The schedule from here on out

That ended testimony in the hearing, and both sides agreed they had no more to present. We avoided a potential steel cage match when both sides agreed to the admission of all the exhibits offered by both sides. Hamilton had earlier objected to many of the Board’s exhibits (in late 2008), and I anticipated a battle here, but the attorneys agreed to admit everything and let the referee sort it out.

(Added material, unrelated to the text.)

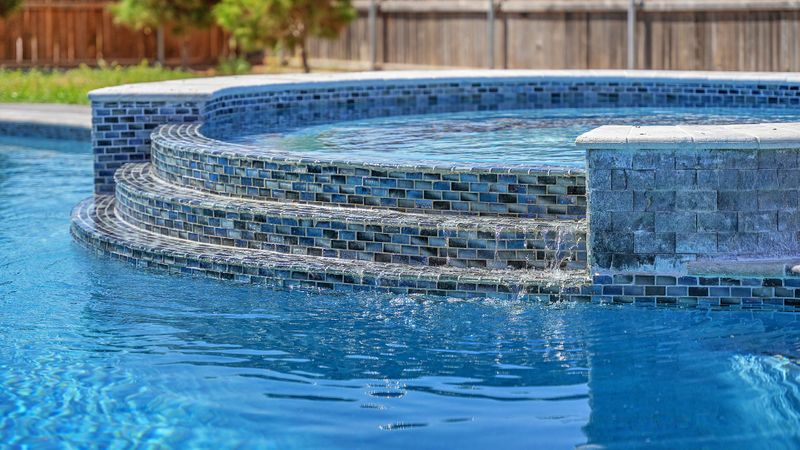 hot tub running into pool 
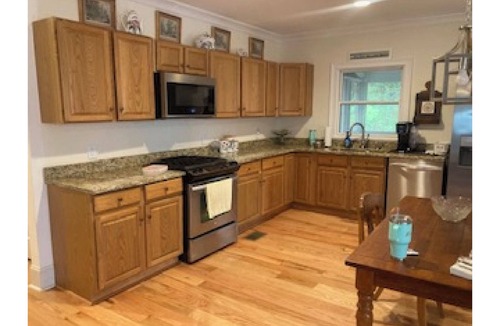 Milton House | Spacious 2 BR/1.5 BA farmhouse in Alpharetta, GA horse country.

The referee gave both sides until July 26, 2010, to submit their summary statements, and until August 2, 2010, to file their replies to the other side’s summary. Referring to the state statute that requires the referee to submit his recommendation to the Board of Education with 10 days of the hearing termination, the referee defined “hearing termination” as ‘when I have finished reviewing everything submitted to me.’ That means that we have no idea when the recommendation will be submitted to the Board of Education except that it will be later than 10 days after August 2. The two reporters and I pressed the referee on whether the summaries from the two sides would be subject to a public records request, and he said he regarded them as private until his recommendation goes to the Board of Education. One or the other (or both) newspapers may press on that. I hope they do.

Sometime in the next week or so I will attempt a summary post, though finding a narrative theme for it is going to be really hard and I have no idea now what it will be.

The last thing that Joan, the court reporter, said to me as we exited the hearing room for the last time was “Where’s the cast party?”